“İnsanların sahip oldukları bilgiler içinde en fazla yararlı ve en az ilerlemiş olanı,insan hakkındaki bilgi gibi görünüyor;Delphes tapınağındaki yazıtın(Kendini tanı)tek başına ahlakçıların bütün iri kitaplarından çok daha önemli ve güç bir temel kural içerdiğini söylemeye cesaret ediyorum.Çünkü insanlar kendilerini tanımaya başlamazsa,insanlar arasındaki eşitsizliğin kaynağı nasıl bilinebilir. ” (Cenevre'li,mesleksiz,işsiz,parasız ve hiçbir toplumsal estate ile bağlantısı olmayan Rousseau)
5 Haz 2010
Hapishanenin Doğuşu
İktidarın
kendini gösteriş ve debdebe içinde dışa vurduğu, gücünü bu
gösterişten aldığı eski siyasal sistemden mümkün olduğunca ve giderek
artan bir şekilde görünmez hale geldiği modern siyaset sistemine geçiş,
bir yandan iktidarı kişileştiren hükümdarın yerine, adsız kişiler
tarafından kullanılan bir yönetim aygıtının yerleşmesiyle, diğer yandan
da kamuya açık cezalandırmadan, gizli bir cezalandırmaya doğru olan bir
hareketle belirlenmektedir.
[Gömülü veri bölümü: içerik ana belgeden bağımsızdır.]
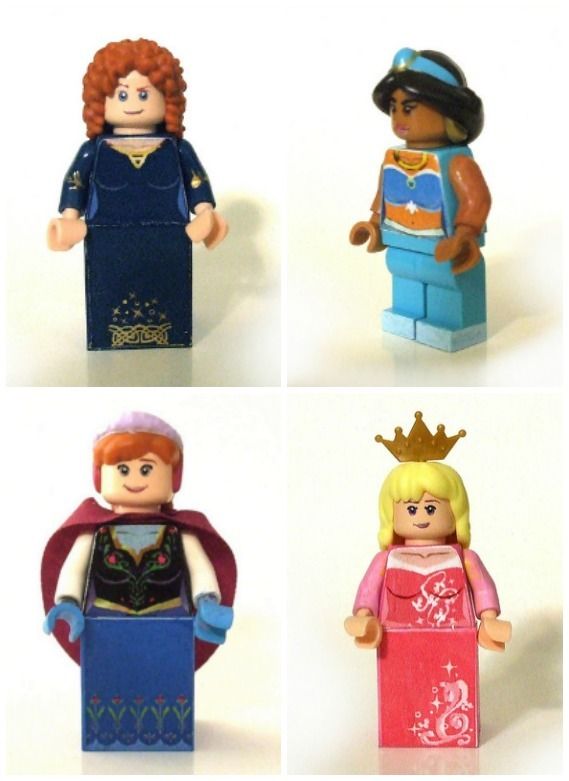 Disney Princesses as LEGO minifigures (not dolls) | fan art by Dorayaki on Eurobricks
Kendini öne çıkaran iktidar, bireyin
oluşmasını engellemiştir; oysa karanlıklara çekilen modern iktidar
herkesi bireyselleştirmek istemektedir; çünkü bireyselleştirmek, gözetim
altında tutmak ve cezalandırmak, yani egemen olmak demektir. Böylece
modern iktidar çocuğu okulla, hastayı hastaneyle, deliyi tımarhaneyle,
askeri orduyla, suçluyu hapishaneyle kuşatarak bireyselleştirmiş,
kaydetmiş, sayısal hale getirmiş, egemen olmuştur. Her kişi biryerde
kayıtlı hale gelince, herkes denetim altında olacak, gözetim altında
tutulacaktır. Modern iktidar büyük gözaltıdır.